- Nickname: City Of Waterfalls
- Khopoli Location in Maharashtra, India
- Coordinates: 18°47′20″N 73°20′35″E﻿ / ﻿18.789°N 73.343°E
- Country: India
- State: Maharashtra
- District: Raigad
- Elevation: 61 m (200 ft)

Population (2011)
- • Total: 108,648
- Demonym: Khopolikar

Language
- • Official: Marathi
- Time zone: UTC+5:30 (IST)
- PIN: 410203 410204 410216
- Vehicle registration: MH-46

= Khopoli =

Khopoli (/mr/, ISO: ISO) is a city in the Khalapur taluka of Raigad district, in the Indian state of Maharashtra, at the base of the Sahyadri mountains. Patalganga River, which is the tailrace channel of the Tata Hydroelectric Power Station, flows through Khopoli.

It is a municipal council and is a part of the Mumbai Metropolitan Region. Khopoli Municipal Council covers an area of 30 km2.

Khopoli is served by a railway station connected to the Mumbai suburban railway by a single line from Karjat. The distance between CSMT to Khopoli is 114.24 km along the Central Railway Suburban Line, which is a broad gauge line carrying electric locomotives.

Initially, Khopoli railway station had only one platform for both the up and down movement of local trains. In 2019, it was revamped with an additional platform.

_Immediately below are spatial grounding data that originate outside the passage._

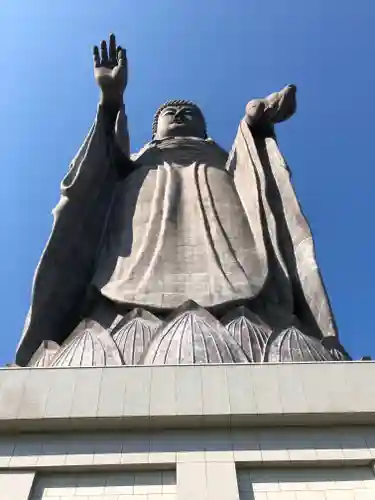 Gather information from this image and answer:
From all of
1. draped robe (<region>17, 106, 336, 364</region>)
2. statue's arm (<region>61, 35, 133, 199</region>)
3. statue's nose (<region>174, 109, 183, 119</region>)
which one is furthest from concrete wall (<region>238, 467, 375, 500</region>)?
statue's nose (<region>174, 109, 183, 119</region>)

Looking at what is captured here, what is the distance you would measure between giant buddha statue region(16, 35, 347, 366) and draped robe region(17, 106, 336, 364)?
15mm

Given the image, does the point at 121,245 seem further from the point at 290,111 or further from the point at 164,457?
the point at 164,457

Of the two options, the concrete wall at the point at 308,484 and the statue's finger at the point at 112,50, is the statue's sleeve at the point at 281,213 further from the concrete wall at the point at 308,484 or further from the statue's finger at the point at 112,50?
the concrete wall at the point at 308,484

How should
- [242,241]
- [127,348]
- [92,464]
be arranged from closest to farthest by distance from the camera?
[92,464] → [127,348] → [242,241]

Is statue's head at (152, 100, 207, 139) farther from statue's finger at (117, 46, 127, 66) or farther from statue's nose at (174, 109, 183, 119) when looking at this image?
statue's finger at (117, 46, 127, 66)

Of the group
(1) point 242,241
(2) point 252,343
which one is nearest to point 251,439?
(2) point 252,343

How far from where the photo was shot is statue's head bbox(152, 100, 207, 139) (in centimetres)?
950

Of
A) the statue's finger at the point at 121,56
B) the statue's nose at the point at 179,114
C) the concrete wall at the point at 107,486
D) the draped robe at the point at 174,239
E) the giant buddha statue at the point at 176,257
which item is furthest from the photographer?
the statue's nose at the point at 179,114

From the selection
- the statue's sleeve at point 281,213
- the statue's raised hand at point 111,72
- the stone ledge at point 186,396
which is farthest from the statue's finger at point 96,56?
the stone ledge at point 186,396

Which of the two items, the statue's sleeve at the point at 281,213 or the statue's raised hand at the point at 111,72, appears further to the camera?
the statue's raised hand at the point at 111,72

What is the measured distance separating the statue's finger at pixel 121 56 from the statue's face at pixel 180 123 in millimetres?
1948

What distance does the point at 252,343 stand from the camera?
4816 mm

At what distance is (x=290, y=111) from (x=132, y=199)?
2.01 meters

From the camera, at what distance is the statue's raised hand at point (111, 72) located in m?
7.39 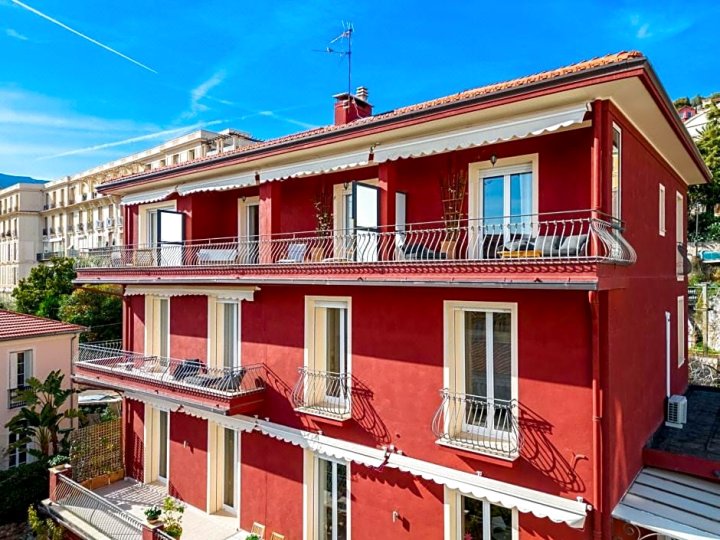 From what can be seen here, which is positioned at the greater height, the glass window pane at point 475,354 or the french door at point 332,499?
the glass window pane at point 475,354

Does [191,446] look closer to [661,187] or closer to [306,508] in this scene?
[306,508]

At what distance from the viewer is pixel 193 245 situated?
16203 millimetres

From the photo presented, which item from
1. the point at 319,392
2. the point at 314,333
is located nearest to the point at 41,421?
the point at 319,392

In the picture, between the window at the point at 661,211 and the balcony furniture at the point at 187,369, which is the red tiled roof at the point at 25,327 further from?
the window at the point at 661,211

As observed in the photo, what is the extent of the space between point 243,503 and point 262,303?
6.37 m

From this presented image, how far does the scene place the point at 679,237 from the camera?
56.4ft

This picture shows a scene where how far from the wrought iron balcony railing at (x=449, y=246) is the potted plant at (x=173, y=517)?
26.2ft

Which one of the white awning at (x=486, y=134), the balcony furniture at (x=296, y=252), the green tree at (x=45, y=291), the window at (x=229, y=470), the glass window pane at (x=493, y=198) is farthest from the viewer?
the green tree at (x=45, y=291)

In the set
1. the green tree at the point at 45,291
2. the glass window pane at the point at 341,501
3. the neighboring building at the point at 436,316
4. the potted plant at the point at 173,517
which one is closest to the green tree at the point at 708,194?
the neighboring building at the point at 436,316

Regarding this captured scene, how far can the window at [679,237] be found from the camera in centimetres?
1648

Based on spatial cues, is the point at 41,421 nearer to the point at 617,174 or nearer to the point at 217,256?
the point at 217,256

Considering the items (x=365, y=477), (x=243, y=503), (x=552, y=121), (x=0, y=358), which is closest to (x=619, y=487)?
(x=365, y=477)

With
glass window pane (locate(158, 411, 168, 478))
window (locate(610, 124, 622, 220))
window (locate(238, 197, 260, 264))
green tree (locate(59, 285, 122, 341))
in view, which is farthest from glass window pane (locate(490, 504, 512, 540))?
green tree (locate(59, 285, 122, 341))

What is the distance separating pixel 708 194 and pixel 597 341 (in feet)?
141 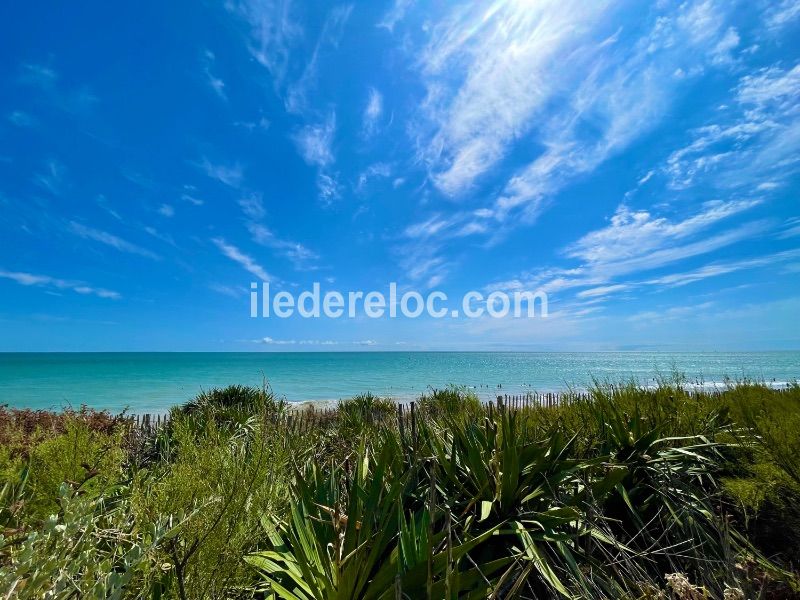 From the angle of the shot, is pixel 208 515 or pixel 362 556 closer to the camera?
pixel 208 515

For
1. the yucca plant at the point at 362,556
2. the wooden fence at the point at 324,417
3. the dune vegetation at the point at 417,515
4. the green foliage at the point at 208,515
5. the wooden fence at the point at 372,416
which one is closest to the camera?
the dune vegetation at the point at 417,515

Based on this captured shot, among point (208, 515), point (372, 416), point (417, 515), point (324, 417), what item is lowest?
point (324, 417)

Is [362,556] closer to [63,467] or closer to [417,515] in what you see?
[417,515]

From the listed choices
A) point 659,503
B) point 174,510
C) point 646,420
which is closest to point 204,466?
point 174,510

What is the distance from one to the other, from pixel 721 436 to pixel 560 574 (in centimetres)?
244

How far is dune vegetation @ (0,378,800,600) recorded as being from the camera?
4.87ft

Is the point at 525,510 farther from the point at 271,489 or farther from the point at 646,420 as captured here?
the point at 646,420

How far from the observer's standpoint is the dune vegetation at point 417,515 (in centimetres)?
148

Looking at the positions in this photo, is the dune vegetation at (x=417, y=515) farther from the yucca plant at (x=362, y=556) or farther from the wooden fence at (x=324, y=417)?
the wooden fence at (x=324, y=417)

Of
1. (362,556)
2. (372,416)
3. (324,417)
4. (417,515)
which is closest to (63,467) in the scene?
(362,556)

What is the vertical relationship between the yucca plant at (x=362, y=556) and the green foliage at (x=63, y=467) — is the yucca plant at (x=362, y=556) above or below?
below

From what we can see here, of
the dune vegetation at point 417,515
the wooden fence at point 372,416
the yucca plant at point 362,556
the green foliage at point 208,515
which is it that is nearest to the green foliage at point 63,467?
the dune vegetation at point 417,515

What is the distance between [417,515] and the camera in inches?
104

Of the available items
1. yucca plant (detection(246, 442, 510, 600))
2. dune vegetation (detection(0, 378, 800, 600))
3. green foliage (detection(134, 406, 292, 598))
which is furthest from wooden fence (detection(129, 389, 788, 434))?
green foliage (detection(134, 406, 292, 598)) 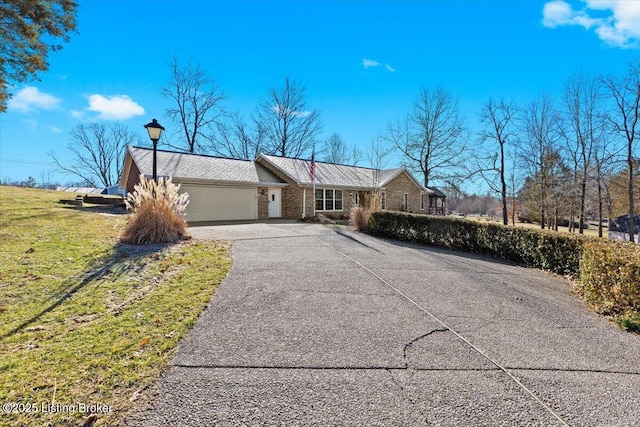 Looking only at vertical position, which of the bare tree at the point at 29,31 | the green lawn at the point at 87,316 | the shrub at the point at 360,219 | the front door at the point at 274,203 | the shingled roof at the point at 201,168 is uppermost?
the bare tree at the point at 29,31

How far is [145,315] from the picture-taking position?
3.73 meters

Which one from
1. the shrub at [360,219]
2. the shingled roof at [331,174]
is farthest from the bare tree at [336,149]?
the shrub at [360,219]

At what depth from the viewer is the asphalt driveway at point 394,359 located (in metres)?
2.28

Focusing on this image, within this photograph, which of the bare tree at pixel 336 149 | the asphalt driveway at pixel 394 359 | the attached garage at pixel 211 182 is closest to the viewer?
the asphalt driveway at pixel 394 359

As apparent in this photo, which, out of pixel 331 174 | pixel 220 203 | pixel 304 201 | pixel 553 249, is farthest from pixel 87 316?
pixel 331 174

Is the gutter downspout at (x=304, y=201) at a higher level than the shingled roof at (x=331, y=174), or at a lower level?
lower

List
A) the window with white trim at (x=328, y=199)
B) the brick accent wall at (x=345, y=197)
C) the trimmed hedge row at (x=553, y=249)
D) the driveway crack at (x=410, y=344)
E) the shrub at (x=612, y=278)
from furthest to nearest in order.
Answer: the window with white trim at (x=328, y=199) < the brick accent wall at (x=345, y=197) < the trimmed hedge row at (x=553, y=249) < the shrub at (x=612, y=278) < the driveway crack at (x=410, y=344)

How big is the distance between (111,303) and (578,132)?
25.0m

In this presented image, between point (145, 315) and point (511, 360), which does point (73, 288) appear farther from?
point (511, 360)

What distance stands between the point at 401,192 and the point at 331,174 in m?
6.53

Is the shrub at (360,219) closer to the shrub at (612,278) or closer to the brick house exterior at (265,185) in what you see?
the brick house exterior at (265,185)

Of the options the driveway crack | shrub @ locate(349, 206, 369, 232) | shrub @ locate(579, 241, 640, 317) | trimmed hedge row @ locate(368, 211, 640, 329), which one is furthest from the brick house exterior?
the driveway crack

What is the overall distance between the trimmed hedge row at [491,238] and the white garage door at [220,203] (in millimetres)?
8184

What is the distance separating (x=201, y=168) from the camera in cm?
1692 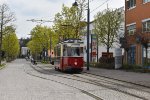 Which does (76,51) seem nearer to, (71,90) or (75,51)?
(75,51)

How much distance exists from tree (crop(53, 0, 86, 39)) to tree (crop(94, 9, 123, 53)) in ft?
16.6

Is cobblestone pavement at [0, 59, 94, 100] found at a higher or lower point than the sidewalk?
lower

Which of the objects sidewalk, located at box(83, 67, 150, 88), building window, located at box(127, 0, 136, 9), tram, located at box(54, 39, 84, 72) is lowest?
sidewalk, located at box(83, 67, 150, 88)

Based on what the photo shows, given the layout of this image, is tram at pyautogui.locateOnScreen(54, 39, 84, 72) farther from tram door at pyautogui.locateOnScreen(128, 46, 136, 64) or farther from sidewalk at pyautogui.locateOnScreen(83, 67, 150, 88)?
tram door at pyautogui.locateOnScreen(128, 46, 136, 64)

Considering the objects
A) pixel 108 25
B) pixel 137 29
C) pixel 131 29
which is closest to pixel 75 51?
pixel 137 29

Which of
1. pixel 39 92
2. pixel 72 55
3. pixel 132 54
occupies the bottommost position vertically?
pixel 39 92

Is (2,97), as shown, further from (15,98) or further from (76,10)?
(76,10)

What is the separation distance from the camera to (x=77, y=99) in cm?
1658

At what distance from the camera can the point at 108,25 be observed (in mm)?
56062

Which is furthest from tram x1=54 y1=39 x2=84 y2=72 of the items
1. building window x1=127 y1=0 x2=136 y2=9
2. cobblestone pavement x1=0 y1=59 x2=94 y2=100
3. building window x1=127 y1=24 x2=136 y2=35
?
cobblestone pavement x1=0 y1=59 x2=94 y2=100

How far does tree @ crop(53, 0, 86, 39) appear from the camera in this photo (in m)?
62.1

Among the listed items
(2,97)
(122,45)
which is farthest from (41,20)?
(2,97)

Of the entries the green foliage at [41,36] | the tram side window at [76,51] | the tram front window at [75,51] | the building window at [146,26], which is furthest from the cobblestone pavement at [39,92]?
the green foliage at [41,36]

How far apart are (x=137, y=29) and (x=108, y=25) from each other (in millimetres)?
7143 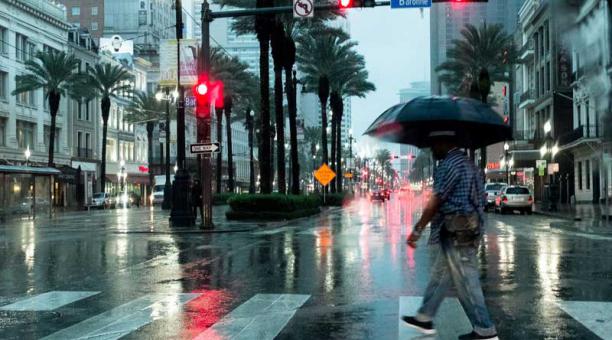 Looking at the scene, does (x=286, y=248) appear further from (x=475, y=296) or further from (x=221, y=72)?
(x=221, y=72)

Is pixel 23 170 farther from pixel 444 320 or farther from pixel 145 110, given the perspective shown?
pixel 145 110

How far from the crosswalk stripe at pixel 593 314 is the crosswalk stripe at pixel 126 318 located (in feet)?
14.8

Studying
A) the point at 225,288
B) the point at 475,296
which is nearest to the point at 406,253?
the point at 225,288

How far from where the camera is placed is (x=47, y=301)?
30.3 feet

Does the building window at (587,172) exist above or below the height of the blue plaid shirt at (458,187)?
above

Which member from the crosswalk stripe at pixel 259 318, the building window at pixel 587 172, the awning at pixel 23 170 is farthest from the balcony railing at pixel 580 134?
the crosswalk stripe at pixel 259 318

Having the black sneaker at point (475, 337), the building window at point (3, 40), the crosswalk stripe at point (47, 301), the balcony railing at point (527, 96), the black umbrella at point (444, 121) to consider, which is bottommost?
the crosswalk stripe at point (47, 301)

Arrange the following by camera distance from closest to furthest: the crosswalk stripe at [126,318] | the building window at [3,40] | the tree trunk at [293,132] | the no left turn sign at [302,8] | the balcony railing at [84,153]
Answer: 1. the crosswalk stripe at [126,318]
2. the no left turn sign at [302,8]
3. the tree trunk at [293,132]
4. the building window at [3,40]
5. the balcony railing at [84,153]

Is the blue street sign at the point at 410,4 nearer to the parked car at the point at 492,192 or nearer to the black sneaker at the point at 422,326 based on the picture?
the black sneaker at the point at 422,326

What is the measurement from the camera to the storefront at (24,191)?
113 ft

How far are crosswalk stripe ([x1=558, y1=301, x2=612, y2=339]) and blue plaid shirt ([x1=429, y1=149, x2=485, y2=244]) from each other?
5.99 ft

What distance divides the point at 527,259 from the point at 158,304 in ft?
25.4

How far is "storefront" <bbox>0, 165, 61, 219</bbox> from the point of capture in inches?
1362

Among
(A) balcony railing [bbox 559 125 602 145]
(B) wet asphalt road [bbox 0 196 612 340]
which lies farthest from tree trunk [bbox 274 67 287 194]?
Result: (A) balcony railing [bbox 559 125 602 145] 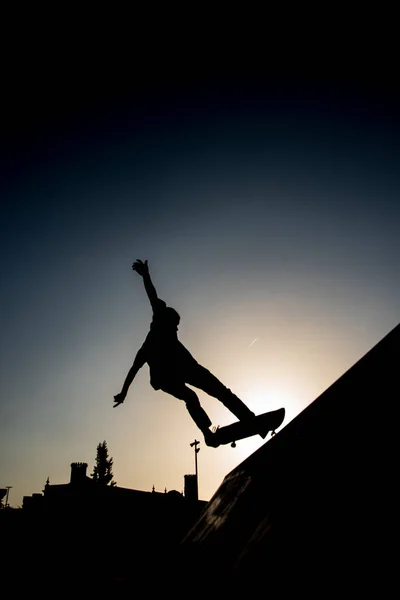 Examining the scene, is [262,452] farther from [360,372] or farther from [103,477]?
[103,477]

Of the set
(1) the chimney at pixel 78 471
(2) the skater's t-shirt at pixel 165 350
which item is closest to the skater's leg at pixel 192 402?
(2) the skater's t-shirt at pixel 165 350

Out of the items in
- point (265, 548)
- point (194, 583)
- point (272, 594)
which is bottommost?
point (194, 583)

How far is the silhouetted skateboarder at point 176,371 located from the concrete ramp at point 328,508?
5.99ft

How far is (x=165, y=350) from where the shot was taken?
5016 millimetres

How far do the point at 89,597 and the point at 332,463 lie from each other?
12.8 ft

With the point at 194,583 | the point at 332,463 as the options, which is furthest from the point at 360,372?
the point at 194,583

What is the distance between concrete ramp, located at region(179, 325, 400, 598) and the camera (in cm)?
133

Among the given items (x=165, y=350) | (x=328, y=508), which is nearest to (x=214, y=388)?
(x=165, y=350)

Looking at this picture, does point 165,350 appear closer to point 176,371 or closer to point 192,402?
point 176,371

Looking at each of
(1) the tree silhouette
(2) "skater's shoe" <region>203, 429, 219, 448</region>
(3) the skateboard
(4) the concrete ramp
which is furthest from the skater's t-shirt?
(1) the tree silhouette

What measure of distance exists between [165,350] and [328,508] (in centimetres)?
351

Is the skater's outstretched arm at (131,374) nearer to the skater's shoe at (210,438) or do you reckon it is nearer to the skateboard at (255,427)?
the skater's shoe at (210,438)

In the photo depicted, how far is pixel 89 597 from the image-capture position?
4.18 meters

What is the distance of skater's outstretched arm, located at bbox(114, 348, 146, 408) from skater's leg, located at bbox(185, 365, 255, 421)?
0.77 metres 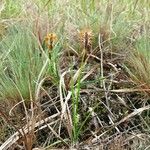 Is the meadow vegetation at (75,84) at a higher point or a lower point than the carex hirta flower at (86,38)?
lower

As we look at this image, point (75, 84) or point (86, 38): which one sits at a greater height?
point (86, 38)

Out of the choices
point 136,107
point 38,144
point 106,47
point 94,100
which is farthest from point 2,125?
point 106,47

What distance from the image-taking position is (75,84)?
1694 mm

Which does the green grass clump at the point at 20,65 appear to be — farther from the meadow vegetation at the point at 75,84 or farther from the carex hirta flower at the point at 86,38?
the carex hirta flower at the point at 86,38

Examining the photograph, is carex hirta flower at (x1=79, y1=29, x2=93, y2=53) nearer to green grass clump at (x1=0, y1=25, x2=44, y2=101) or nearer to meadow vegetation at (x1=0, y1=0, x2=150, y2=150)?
meadow vegetation at (x1=0, y1=0, x2=150, y2=150)

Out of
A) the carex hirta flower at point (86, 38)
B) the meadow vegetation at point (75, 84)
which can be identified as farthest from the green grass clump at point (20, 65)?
the carex hirta flower at point (86, 38)

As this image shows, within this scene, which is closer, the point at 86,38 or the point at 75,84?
the point at 86,38

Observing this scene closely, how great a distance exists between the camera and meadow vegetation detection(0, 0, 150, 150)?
57.6 inches

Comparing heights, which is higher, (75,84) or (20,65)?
(20,65)

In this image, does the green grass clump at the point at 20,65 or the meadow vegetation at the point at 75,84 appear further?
the green grass clump at the point at 20,65

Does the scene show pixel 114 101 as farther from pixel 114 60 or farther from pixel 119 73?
pixel 114 60

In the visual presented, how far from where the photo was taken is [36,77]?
1.67 meters

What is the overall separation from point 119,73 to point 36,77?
1.12ft

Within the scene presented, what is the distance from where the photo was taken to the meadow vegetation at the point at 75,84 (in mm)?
1462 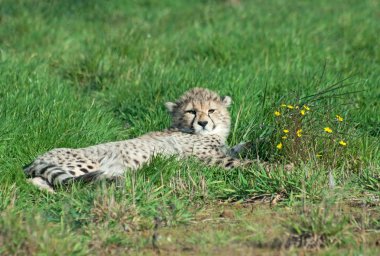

It is also located on NH 4, about 80 km south of Mumbai and 80 km from Pune. Industries are well developed due to the strategic importance of the region as the Mumbai-Pune Expressway passes through the city. The city is called a city of waterfalls due to a number of waterfalls in the rainy season. Due to the presence of industries, the city has attracted migrants from across India. It is an industrial city with numerous industries and power plants located across it. Khopoli is located at the base of the Sahyadri Mountains range on the banks of the Patalganga river. This place also has several waterfalls, parks and hill stations. Because of its natural environment and scenery, Khopoli is a major spot for tourist attractions. Khopoli is connected with metro cities like Mumbai and Pune by rail and road. Imagica Theme Park, KP Falls and Zenith waterfall are the key attraction of this place. Khopoli is surrounded by tourist places like Khandala and Lonavala. The place has proximity to railway stations and bus stands. Also, cabs and rickshaws are common means of transport in Khopoli. The nearest airport is Chhatrapati Shivaji Maharaj Airport, which is 80 km away. Khopoli has several industrial hubs, MIDCs, and heavy industries which provide employment to the residents of this area. Khopoli is home to various steel, chemical and food and pulp industries.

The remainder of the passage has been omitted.